NotGTAV (later known as NotTheNameWeWanted) was a casual video game developed and published by NotGames. Parodying Grand Theft Auto V in a Snake manner, all profits gained from sales of the game are donated to the Peer Productions charity. The game was released for Microsoft Windows, iOS, and Android in 2014. Ports for OS X and Linux followed in 2015. The game was removed for sale in 2022.

== Gameplay ==
NotGames described NotGTAV as a "ruthless Snake-like parody" of Rockstar Games' 2013 hit title, Grand Theft Auto V, despite not sharing any aspects with the game; NotGTAV uses a top-down view model, in contrast to Grand Theft Auto Vs third-person view, is set in the United Kingdom, rather than the United States, and employs hand-drawn 2D sprites, rather than a fully 3D environment.

== Release ==
NotGTAV was initially released for Microsoft Windows on 4 April 2014. On 2 July 2015, after a successful Steam Greenlight campaign, NotGames released NotGTAV onto Steam, alongside ports for OS X and Linux, however, the game disappeared again just a week later, due to Valve allegedly receiving a DMCA takedown notice from Rockstar Games.

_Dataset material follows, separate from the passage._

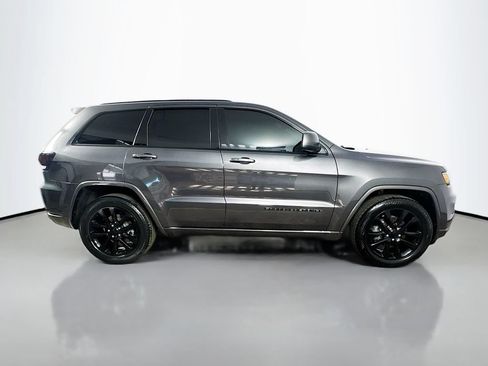 Used 2018 Jeep Grand Cherokee Altitude RWD image 9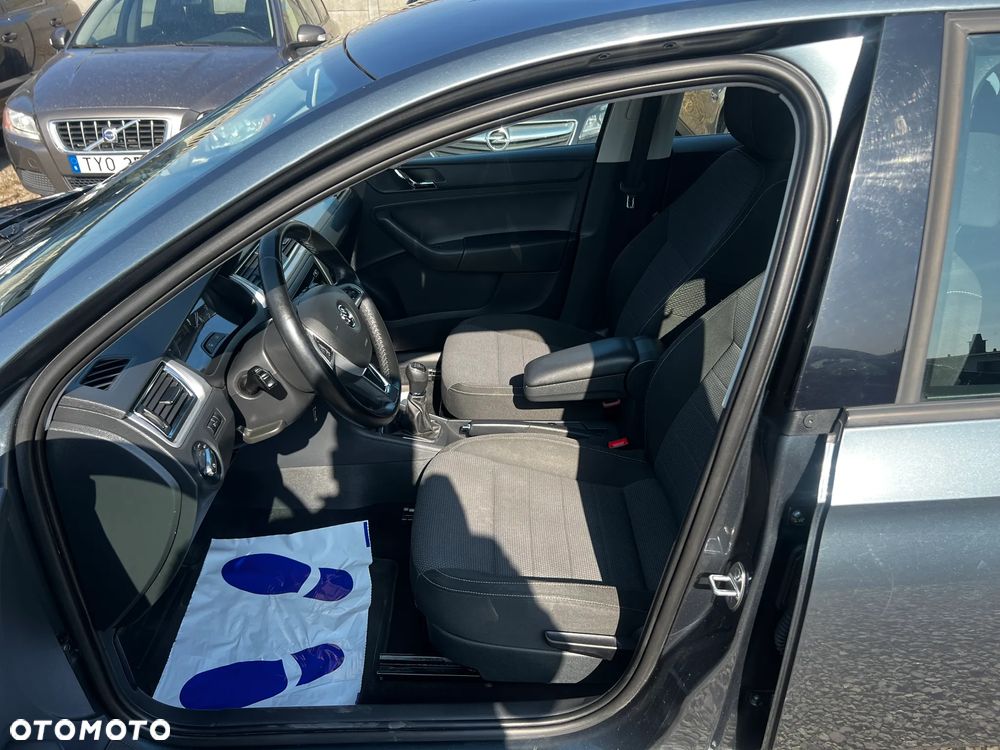 Skoda RAPID 1.6 TDI Elegance - 14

The game was restored to Steam within 24 hours, after the notice was being treated as a false complainant.

Cover art after the 2018 rebrand

As of 21 April 2018, NotGTAV was rebranded to NotTheNameWeWanted for undisclosed reasons, implied to be on the advice of legal counsel.

On 17 October 2022, the game was retired and removed for sale on Steam. Existing owners could still install and play the game.